An Easter Dream at White Feather Ranch
When we dream a vision of something wonderful, like a wedding or a special festival and imagine a picture of what we hope will happen and it does actually happen, we are left with a tingling wonder and awe at having been so blessed! The dream came true! So it was with our Easter gathering at White Feather Ranch, 2017!
We have been working for months building, clearing, cleaning, and preparing for our conference, Keeping the Faith, Easter and the Holy Women, an event which would culminate with the families of those attending coming in on the last night of the conference to stay over and celebrate Easter together.
For many years I have held a dream of a little shrine in our beautiful woods for the Virgin of Guadalupe and St. Francis, close by the stream where people can come for quiet contemplation and renewal in nature. With loving hands the first shrine for the Holy Mother has just been created there.
The hope and dream was to take the children there for an Easter Service. But all the week before, every single day, the forecast was the same. Rain on Easter day. This couldn’t be! Because the dream was that we would pile all the children on our famous old vintage truck (a 1926 Dodge-
Graham so faithfully kept going by Grandpa Gordon) and drive to the front pastures, then gather together to cross the creek and go into the magical woods, singing along
beside the bubbling creek and bearing wild flower gifts for Mother Mary. (We were offering gifts for her because, of course, we all love and celebrate Christmas when we all get presents because it began with the birth of her wonderful baby boy.) Then once we were all in the special woods chapel at the shrine, we would be told an Easter story by the wisest of all Waldorf story tellers, Nancy Mellon. That was the dream. Surely this had to be! But we went to bed the night before Easter still not knowing if it could all happen. Forecast - Rain.
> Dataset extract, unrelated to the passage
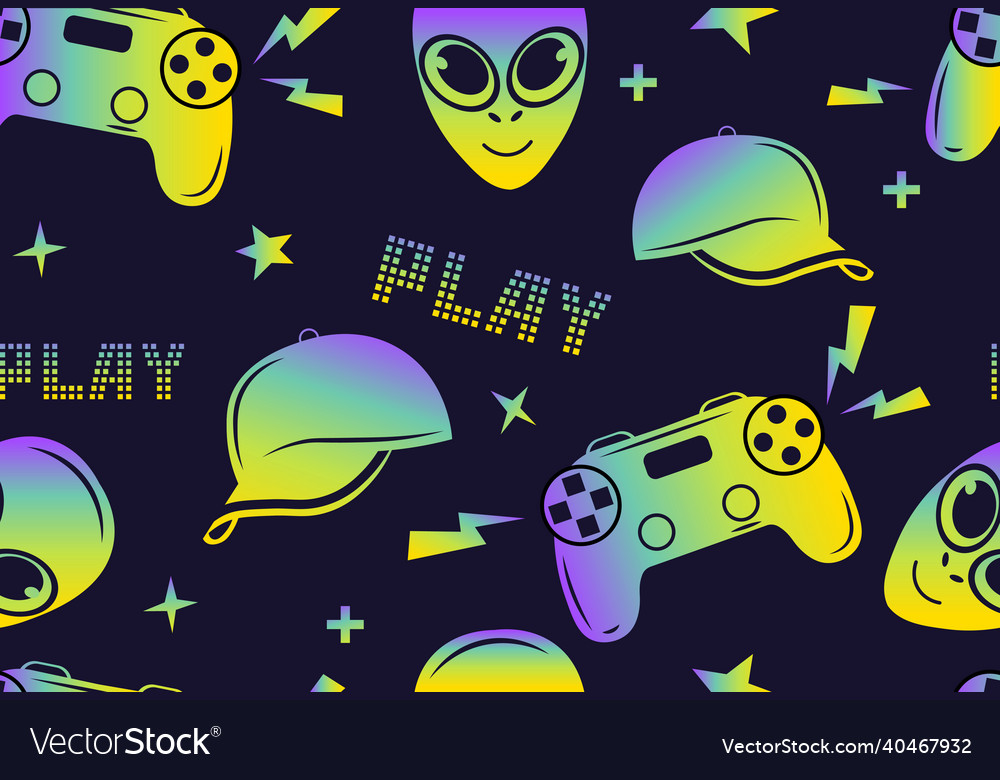 Seamless gamepad pattern vector image Seamless gamepad pattern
Wondrously, Easter morning dawned almost clear. A small group of us rose before dawn and went to the hill in the front pasture for a sunrise service of verses from the bible story, singing, remembering those on the other side and sharing eurythmy to honor the rising sun. We watched as the Easter sun conquered a dark overlying cloud, and then it was clear and beautiful, even warm. Then it all began to happen. More families came with the children dressed in Easter prince and princess finery and they eagerly piled on the old truck and son Cameron and Grandpa drove them out to the pastures. They piled off and we gathered and crossed the stream and went into the magic woods by the bubbling brook. The children brought their wild flower gifts to Mother Mary and then sat on the rock for the story. And there we were with the legendary Nancy Mellon weaving a tale of death and resurrection, transformation and the great Christ/Sophia healing love without ever once using any of those words! It was a tale that kept everyone spellbound from three-year-olds to the elders.
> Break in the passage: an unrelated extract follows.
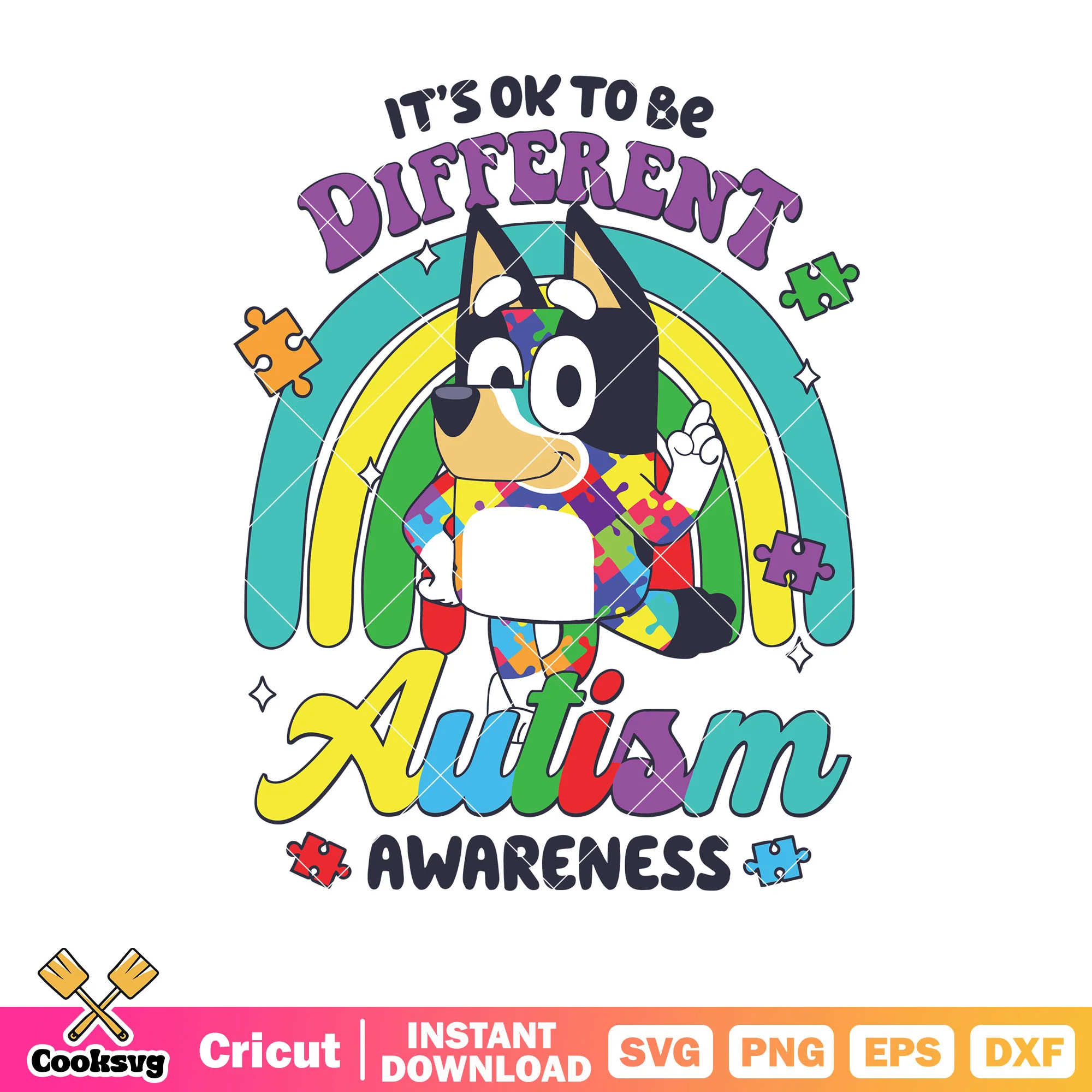 Its ok to be different autism awareness svg, bluey rainbow svg, bluey dog svg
We all sang a “Hallelujah” echoing into the woods, and then went back along side the brook (“Where the fairies take a bath”, as three- year-old Thisby told us) and rode the old truck back to the barn where some very able teen aged Easter hares had done their part in placing eggs around the Peace Circle. The little ones donned adorable bunny hats went eagerly to hunt for the Easter treasures, for at Christmas ‘gifts’ are given, but at Easter we must go on a quest to find them. The children’s sweet faces and eager joy charmed and warmed all around.
A sumptuous potluck followed and we could all eat outside while the children gleefully mastered the zip line, or played pool and basketball. And then the rain came, light at first and later a serious blessing of rain that has so wonderfully overcome our California drought years for now.
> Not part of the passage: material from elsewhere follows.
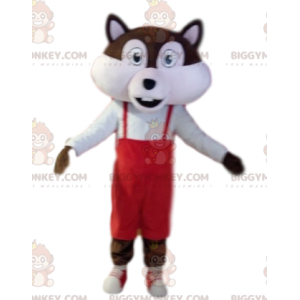 BIGGYMONKEY™ Μασκότ στολή καφέ και λευκός σκίουρος με κόκκινες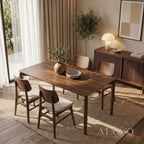 ALUXO® Daisy 1.5m Walnut Dining Set – 4-Leg Base Table with 4/6 Kingswood Oatmeal Bouclé Chairs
But by then we could come into the big barn to end with a dance, the Virginia Reel called by dear Grandpa Gordon, with Grandma Nancy on the accordion (both of us still in the glow of the joy of our 21st grand child’s birth ( that is 7th great grandchild, Ashton Luca, on the dawn of Good Friday to our oldest grand daughter, Gabrielle and Joe). How we enjoyed that a grand crew of dancers - even seven-year-olds were leading the lines as head couples! Goodbyes and hugs followed with Easter joy and community celebration abounding!
Our serious conference sharing the days before was held with a small dedicated group and went from Holy Thursday and a last supper, deeply honoring the mystery and sacrifice for humanity of the Christ and especially sharing the stories of the women, who are scarcely mentioned in the Biblical accounts. For while the disciples slept at Gethsemane as Christ went through the great agony, the women were awake and praying, and while the disciples fled for fear of their lives and did not witness the crucifixion, the women stood under the cross and witnessed it all..keeping the faith. These stories need to be known so the fullness of all who were present at the First Easter, each and every one in their significant roles in the Greatest Mystery play of all, can renew and inspire us all to more significant and dedicated lives. It is truly a resurrection in our souls when we awaken to the fact that the First Easter was the mightest deed of loving sacrifice ever given in all evolution, for all humanity for all time.